Charles Shipman Payson Building
Architect Henry N. Cobb talks about the Payson Building
The Portland Museum of Art opened the Charles Shipman Payson Building in 1983, the result of a generous gift of 17 works by Winslow Homer from Mr. Payson, as well as funds to construct a building in which they would be housed. The building was designed by Henry Nichols Cobb of Pei Cobb Freed & Partners with the intention that "these and other masterpieces of the State of Maine Collection, beyond being simply made available to the public, should be appropriately celebrated by the settings in which they are displayed." From the moment one enters the Museum's Great Hall, the visitor encounters a rich but disciplined elaboration of interior space accompanying and supporting the exhibition of art. "In considering how best to capture the special quality of 'Portland light' for the benefit of paintings and sculpture," explained Mr.

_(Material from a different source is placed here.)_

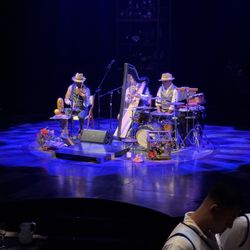 Cirque du Soleil - JOYA - Band during entry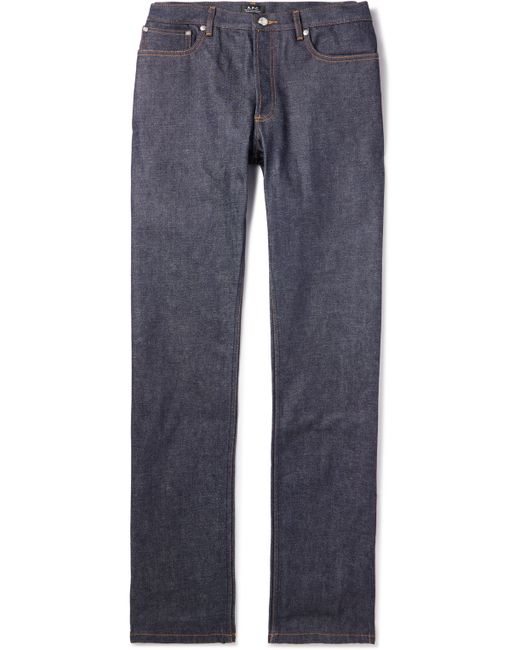 A.P.C. . Petit Standard Straight-Leg Jeans UK/US 35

Cobb. "We returned to an earlier, simpler, and I believe superior prototype, the domed clerestory. The particular merit of this configuration is that controlled daylight entering from above suffuses, shapes, and animates the space as it illuminates the works of art within." The design of the building also sought "to respect and render eloquent the living presence of history on and around the Museum site." The solution is a stepped building form, which fronts boldly onto Congress Street yet grants primacy to its smaller neighbors within the Museum precinct. These neighboring buildings are the L. D. M. Sweat Memorial Galleries (1911), a characteristic gallery building of its time, and the McLellan House (1801) a handsome example of Federal period architecture and the original home of the Museum.